→ WHAT IS EXPECTED: Report how many lines of the following entries include the string "Image"; respond with the number alone.

→ Records contained in a dataset:
^^^^^^^^^^^^^^^^

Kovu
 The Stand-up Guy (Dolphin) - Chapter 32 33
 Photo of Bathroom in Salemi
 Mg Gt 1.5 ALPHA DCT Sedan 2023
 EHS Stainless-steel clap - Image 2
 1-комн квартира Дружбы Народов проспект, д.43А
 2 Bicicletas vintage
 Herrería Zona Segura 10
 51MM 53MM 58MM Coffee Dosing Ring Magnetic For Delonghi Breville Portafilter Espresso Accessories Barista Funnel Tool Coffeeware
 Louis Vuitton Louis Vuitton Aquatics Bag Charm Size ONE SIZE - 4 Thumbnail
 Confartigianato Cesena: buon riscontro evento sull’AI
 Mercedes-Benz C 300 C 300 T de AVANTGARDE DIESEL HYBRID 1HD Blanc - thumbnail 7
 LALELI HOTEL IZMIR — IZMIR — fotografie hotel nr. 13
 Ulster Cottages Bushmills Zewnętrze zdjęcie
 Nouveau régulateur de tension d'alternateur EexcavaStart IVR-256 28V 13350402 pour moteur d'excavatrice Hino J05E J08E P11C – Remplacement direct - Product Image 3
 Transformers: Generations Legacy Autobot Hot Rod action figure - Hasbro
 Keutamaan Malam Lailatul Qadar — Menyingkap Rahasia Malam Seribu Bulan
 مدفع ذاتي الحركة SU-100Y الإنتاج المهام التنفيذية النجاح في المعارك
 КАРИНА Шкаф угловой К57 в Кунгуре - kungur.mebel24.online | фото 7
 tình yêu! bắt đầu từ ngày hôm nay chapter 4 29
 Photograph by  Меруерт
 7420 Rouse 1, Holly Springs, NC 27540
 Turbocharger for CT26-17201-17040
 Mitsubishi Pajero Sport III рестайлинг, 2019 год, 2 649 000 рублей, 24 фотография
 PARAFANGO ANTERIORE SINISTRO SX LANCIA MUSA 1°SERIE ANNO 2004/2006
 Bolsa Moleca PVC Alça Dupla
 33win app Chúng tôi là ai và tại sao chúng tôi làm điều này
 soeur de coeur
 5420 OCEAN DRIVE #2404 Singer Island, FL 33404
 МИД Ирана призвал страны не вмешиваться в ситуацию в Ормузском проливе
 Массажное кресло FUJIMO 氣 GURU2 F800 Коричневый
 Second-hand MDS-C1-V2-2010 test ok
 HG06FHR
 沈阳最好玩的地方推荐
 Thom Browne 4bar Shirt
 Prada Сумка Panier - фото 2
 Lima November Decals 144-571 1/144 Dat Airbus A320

^^^^^^^^^^^^^^^^

→ WRITTEN REPLY: 2